When I was employed, I saw many people (including my ex-bosses) yelling at other people, like “How come you don’t understand what I told you several times! You disappointed me!” In Japan, this kind of intimidation in workplace happens quite often.
One of other examples is the grammar of our own native language. We see what is right or wrong, but it’s not always easy to tell someone — for example, foreigners who learn our native language — why it is right or wrong.

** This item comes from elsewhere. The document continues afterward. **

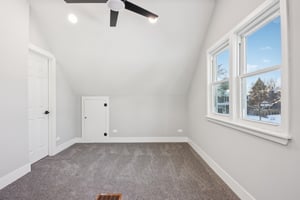 4th St-S2701-025.jpg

Why is it so difficult? That’s mostly because of two reasons:
- We don’t have enough knowledge to describe what it is
- We don’t know why other people don’t (or can’t) understand what we know
The first reason is not rare. We often don’t know what we think we know. People often say, “Oh, that’s a common sense” — but, what is a common sense? Why is that a common sense? Why do we need to follow the common sense? If we can’t answer these questions, we don’t know enough to describe what it is.
And we almost always struggle with the second reason. We need to know what other people know (and don’t know) in order to explain the things they don’t know. Someone may say, “Oh these people are too stupid to understand this” — but in most cases, that’s not true. What actually happens here is that, the person who ought to explain is too immature (if not stupid) to gain insight into others and figure out the better way to have them understand.
All leaders need to have the ability to explain in a way that other people understand. The first step is to stop blaming others for not understanding what we explained. See ourselves and reflect. When it comes to communication, there is always something we can improve.